■ Entries shown
• • • •

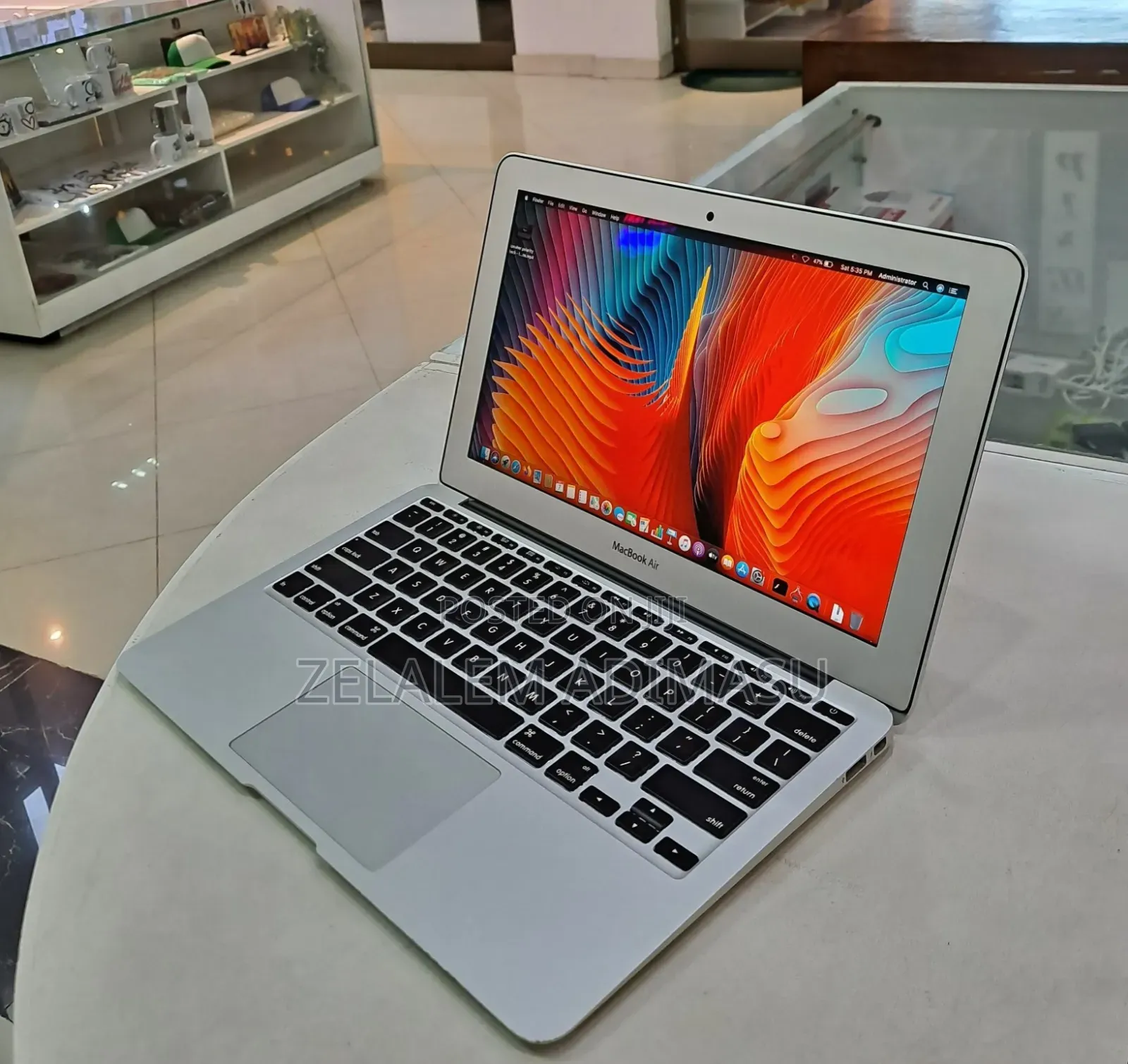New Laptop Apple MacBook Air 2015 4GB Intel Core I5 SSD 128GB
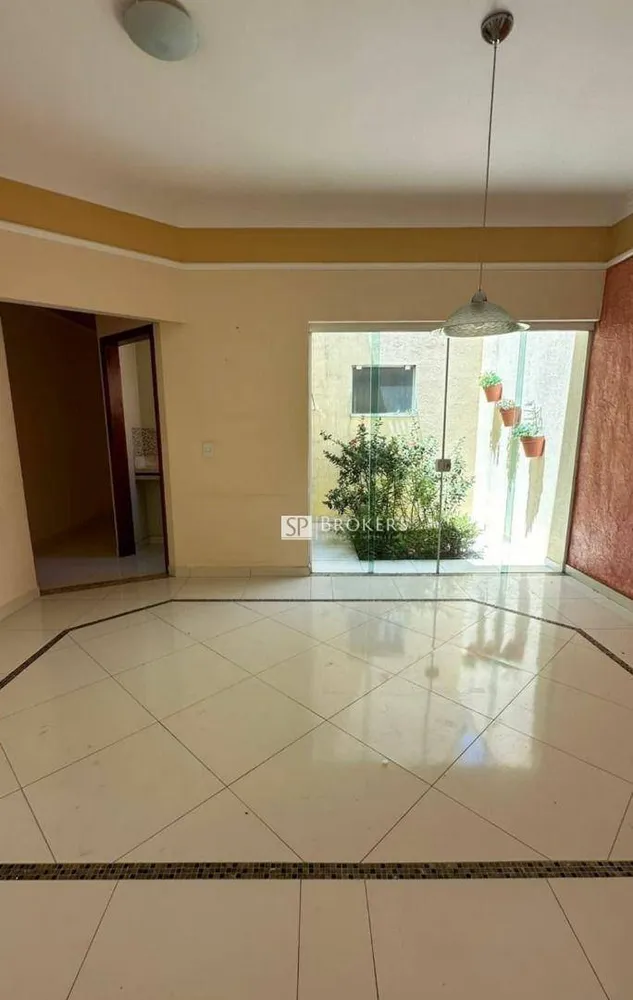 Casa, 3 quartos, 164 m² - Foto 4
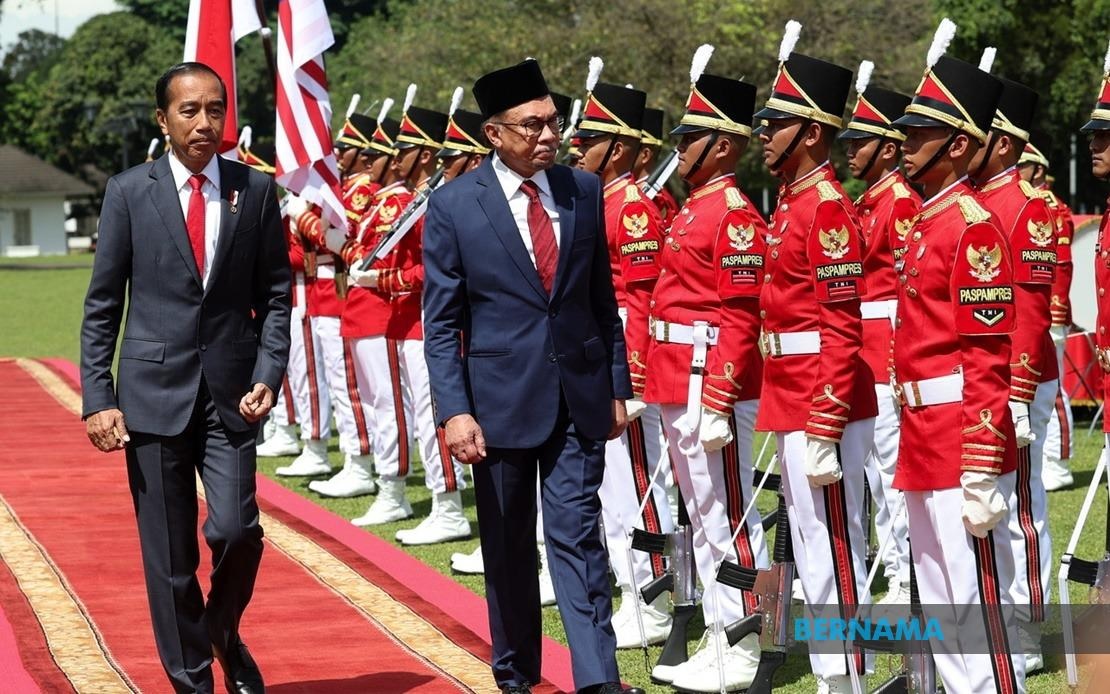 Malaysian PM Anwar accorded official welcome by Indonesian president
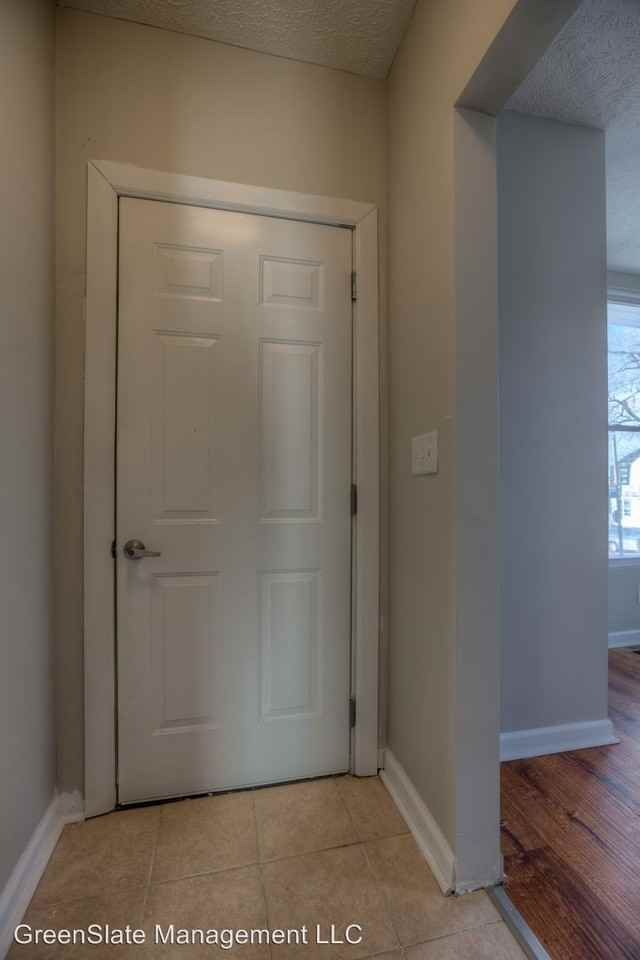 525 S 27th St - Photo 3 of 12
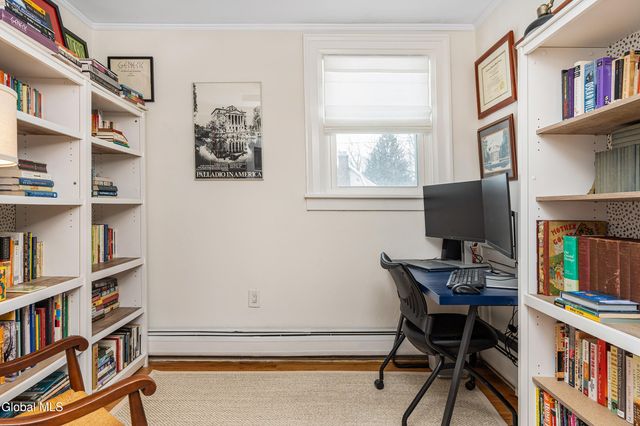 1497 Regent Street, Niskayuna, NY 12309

• • • •

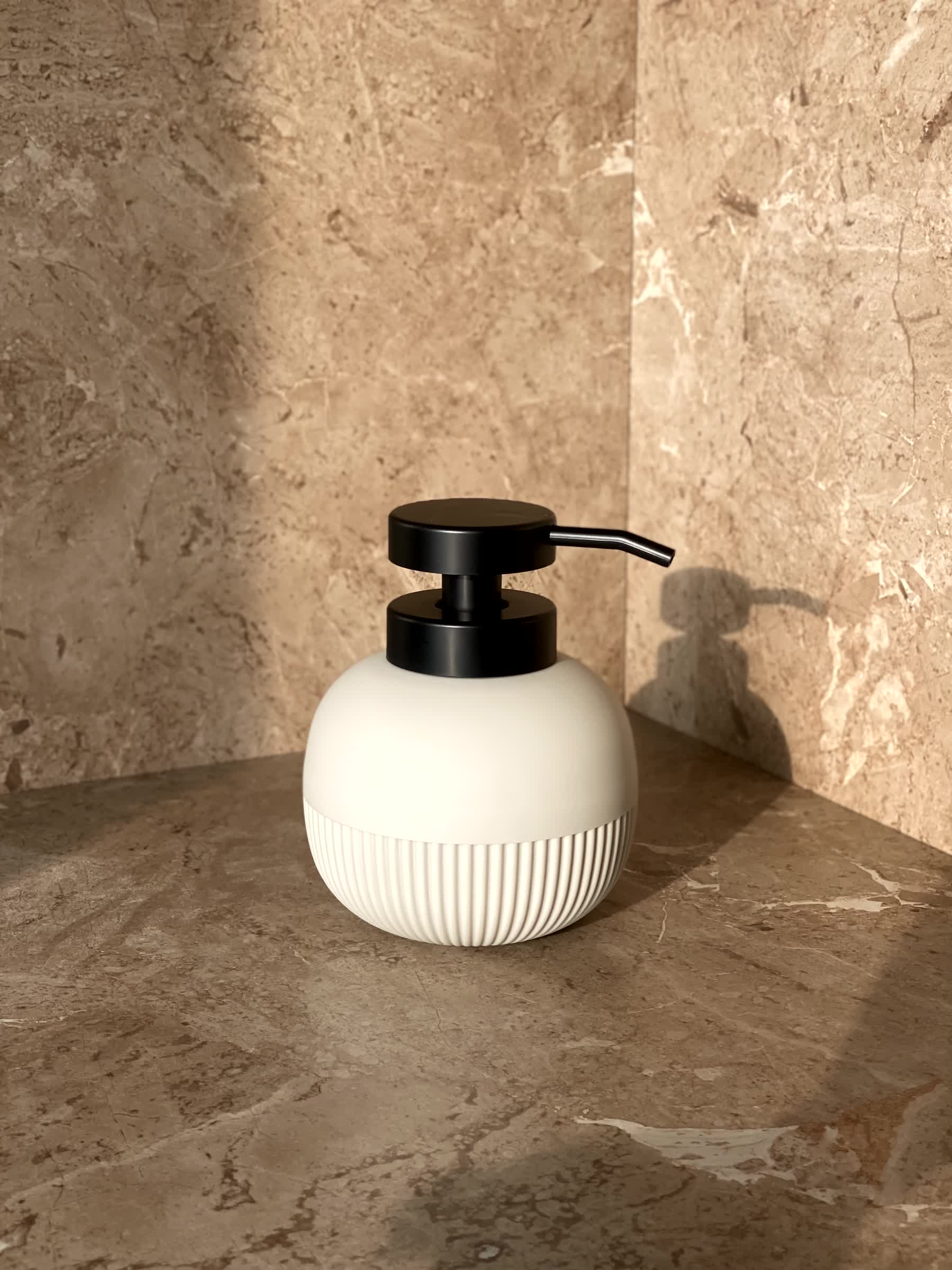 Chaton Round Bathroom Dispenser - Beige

• • • •

■ Task to carry out
"New Laptop Apple" marks the first line to copy, and "1497 Regent Street, Niskayuna, NY 12309" marks the last. Repeat that stretch above exactly, with no pictures.

■ Solution to the problem
New Laptop Apple MacBook Air 2015 4GB Intel Core I5 SSD 128GB
 Casa, 3 quartos, 164 m² - Foto 4
 Malaysian PM Anwar accorded official welcome by Indonesian president
 525 S 27th St - Photo 3 of 12
 1497 Regent Street, Niskayuna, NY 12309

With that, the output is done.